= North Holderness Light Railway =

Proposed railway in Yorkshire, England

Tile map showing the route

The North Holderness Light Railway was a proposed light railway, which was to have been constructed by the North Eastern Railway (NER) between Beverley and North Frodingham, in the East Riding of Yorkshire, England. The scheme was given approval in September 1898 by the North Holderness Light Railway Order 1898 (under the Light Railways Act 1896) for a line extending to 12.5 mi.
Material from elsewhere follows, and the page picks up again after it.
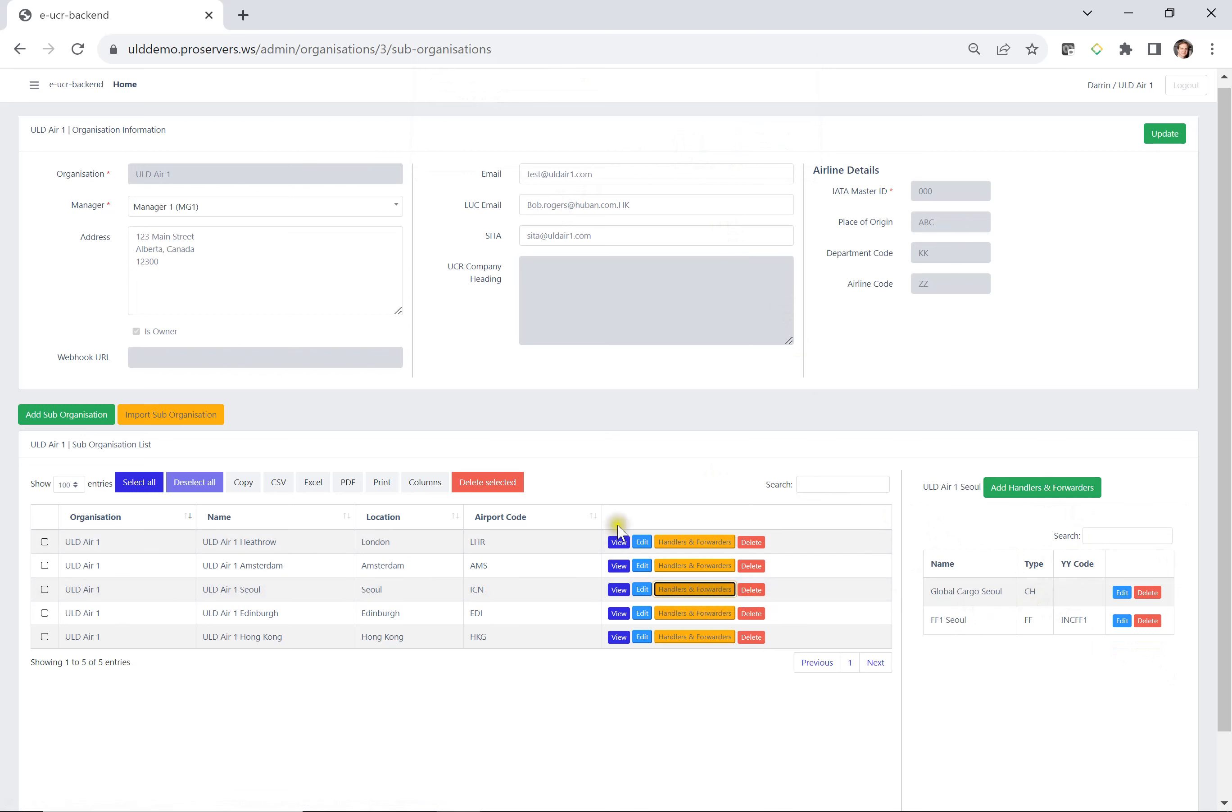So that covers everything related to organizations, suborganizations, and assigning handlers and forwarders to your organization.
The line would have begun from a junction with the Hull to Scarborough Line, slightly to the north of Beverley railway station, and served villages and agricultural land in the Holderness area. Stations were proposed at Tickton, Routh, Long Riston, Leven, Brandesburton and North Frodingham. At North Frodingham the line would have shared a station with a separate light railway, the Bridlington and North Frodingham (also never built), running to Carnaby on the Hull to Scarborough Line.

The NER abandoned the plans for the North Holderness line in 1903 and a bus service was provided instead, connecting Beverley to North Frodingham and then continuing to Driffield. Buses began running on 7 September 1903 and the route was the second bus service to be operated by a British railway company. The service continued to be run by the NER and its successor, the London and North Eastern Railway, until 1933 when it was sold to a local bus company.

Plans for a railway were later reconsidered, though with the line built to a narrower gauge than standard gauge on account of some of the marshy land that the line would have to cross, and in 1919 Darlington Works designed a gauge tank locomotive.

The route was shown on tiled maps of the North Eastern Railway network at some of their stations. These maps are still extant at Beverley, Hartlepool, Middlesbrough, Saltburn, Scarborough, Tynemouth, Whitby and York. An example can also be seen at the National Railway Museum.